▸ **Your instructions**
Your output consists solely of the lines from the one that contains "MK-6305A Ремонтный комплект" to the end of the material, each reproduced exactly; pictures do not belong in it.

▸ **Data section**
____________________

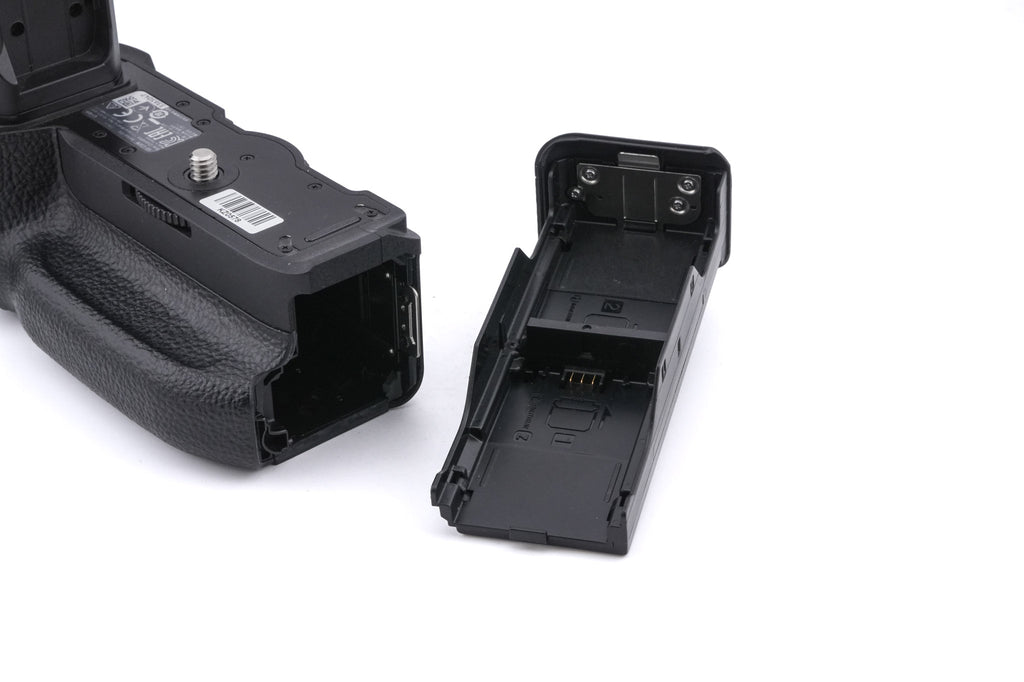 Sony VG-C3EM Vertical Grip
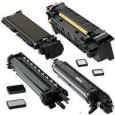 MK-6305A Ремонтный комплект для TASKalfa 3500i/4500i/5500i, 600K стр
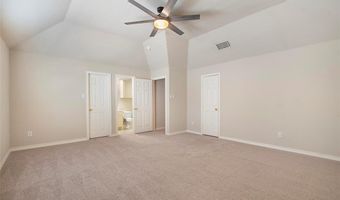 1206 Cabernet Dr, Allen, TX 75002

____________________

▸ **Response**
 MK-6305A Ремонтный комплект для TASKalfa 3500i/4500i/5500i, 600K стр
 1206 Cabernet Dr, Allen, TX 75002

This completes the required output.